Required action. Your copy should begin with the line containing "Now we are going", end with the line containing "When I finish, I'm", match the listing below exactly, and contain no pictures.

Recorded information.
==============================
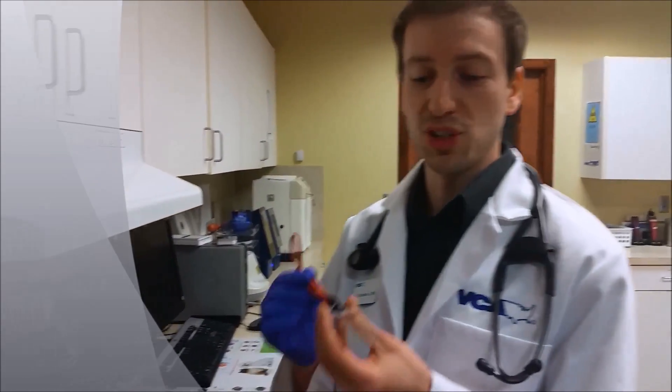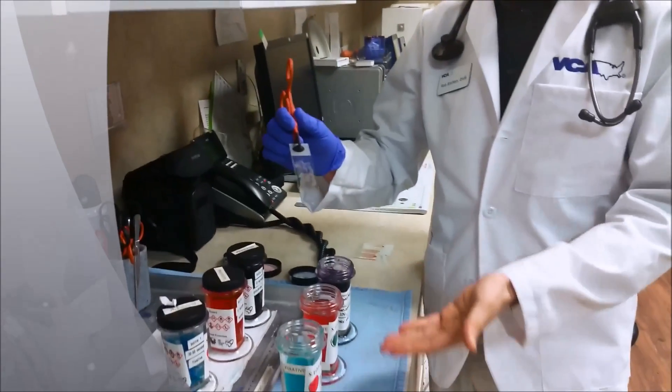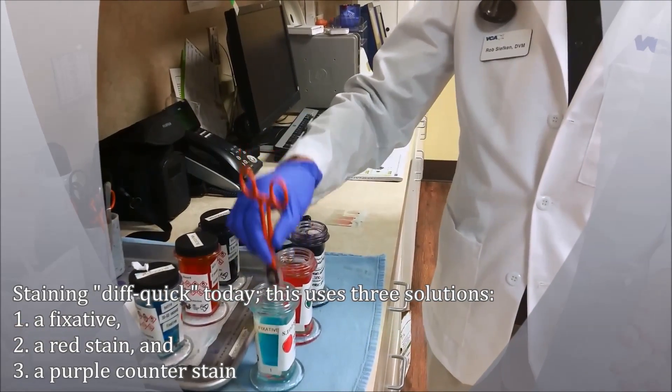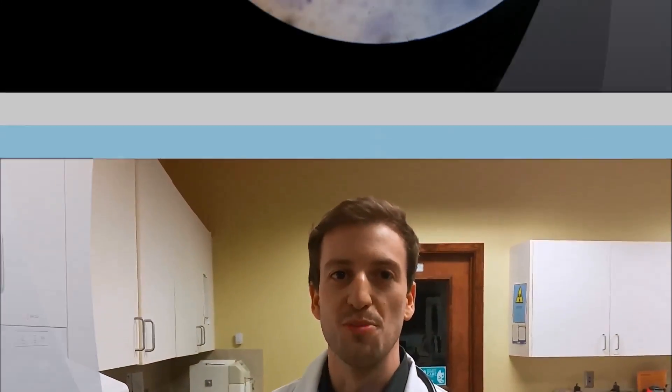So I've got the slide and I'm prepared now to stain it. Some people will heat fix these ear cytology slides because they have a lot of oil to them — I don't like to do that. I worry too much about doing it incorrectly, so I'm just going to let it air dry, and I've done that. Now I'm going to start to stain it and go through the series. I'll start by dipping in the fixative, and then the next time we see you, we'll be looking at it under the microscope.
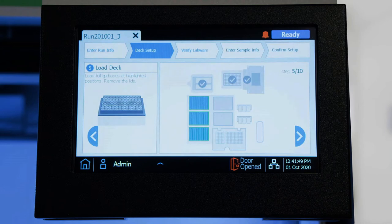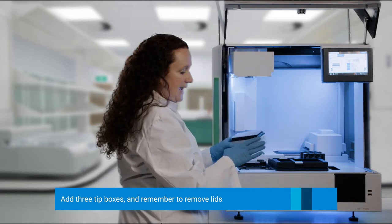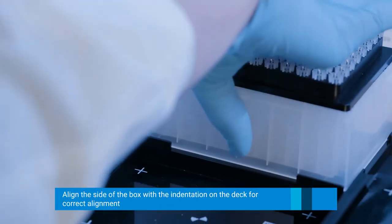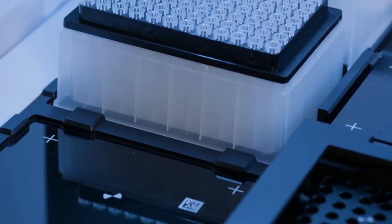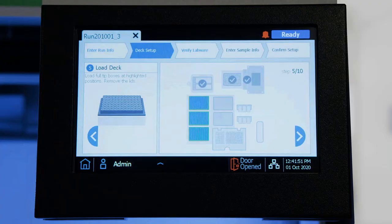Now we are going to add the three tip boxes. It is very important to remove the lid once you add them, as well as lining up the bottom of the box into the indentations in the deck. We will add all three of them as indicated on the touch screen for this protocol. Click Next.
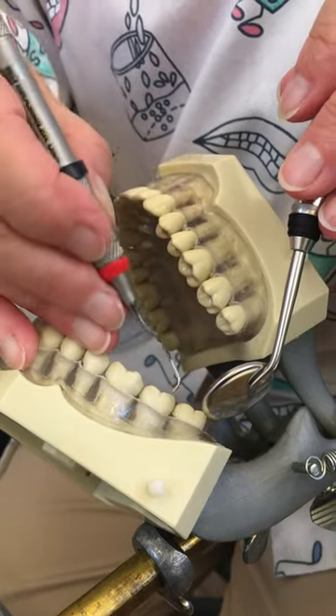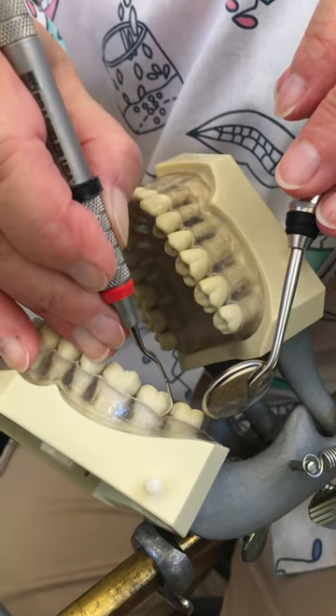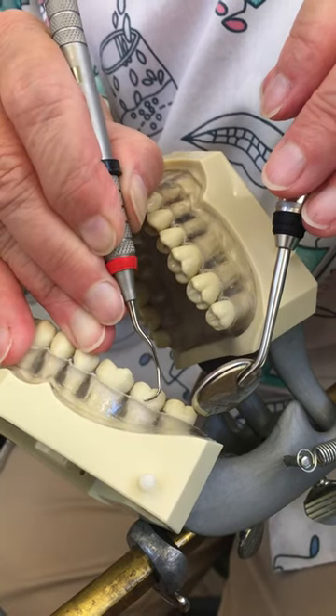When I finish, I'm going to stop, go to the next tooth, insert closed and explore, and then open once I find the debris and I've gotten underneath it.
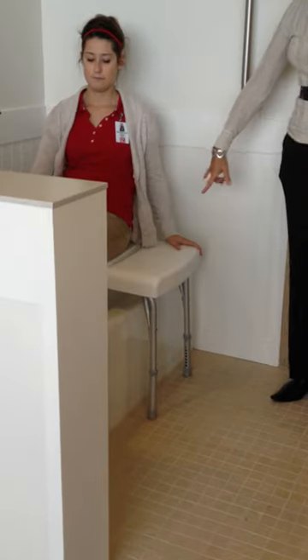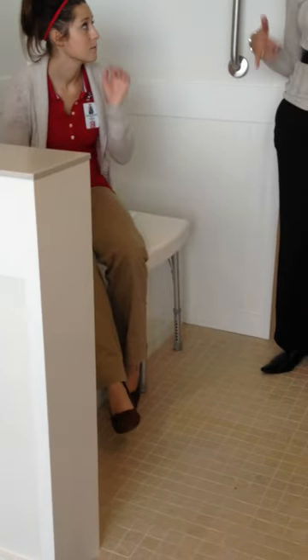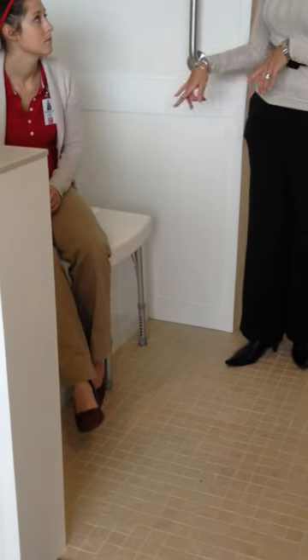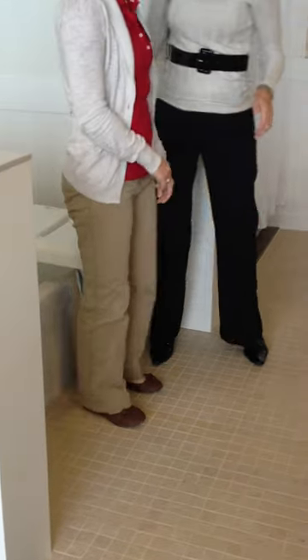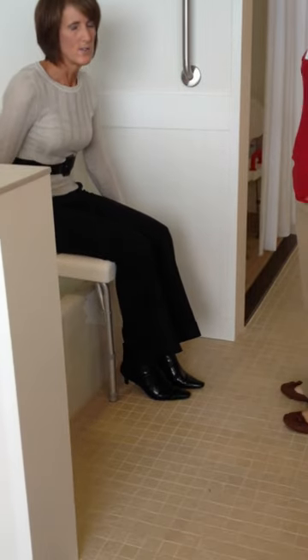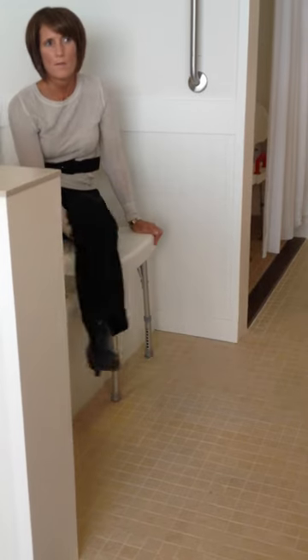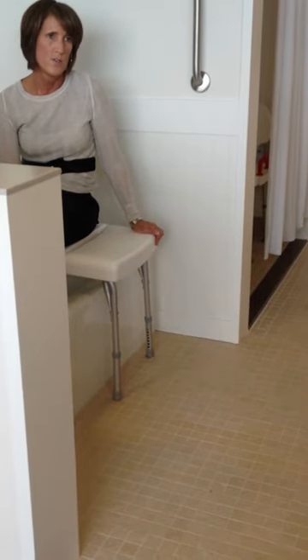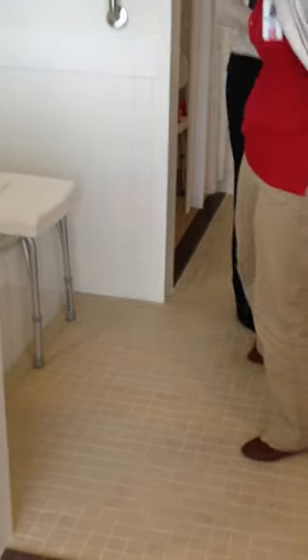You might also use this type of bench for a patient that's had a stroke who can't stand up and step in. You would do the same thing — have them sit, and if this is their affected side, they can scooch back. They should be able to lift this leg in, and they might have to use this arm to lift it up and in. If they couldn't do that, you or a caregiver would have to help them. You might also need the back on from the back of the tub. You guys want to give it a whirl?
==============================
Output below.
Now we are going to add the three tip boxes. It is very important to remove the lid once you add them, as well as lining up the bottom of the box into the indentations in the deck. We will add all three of them as indicated on the touch screen for this protocol. Click Next.
When I finish, I'm going to stop, go to the next tooth, insert closed and explore, and then open once I find the debris and I've gotten underneath it.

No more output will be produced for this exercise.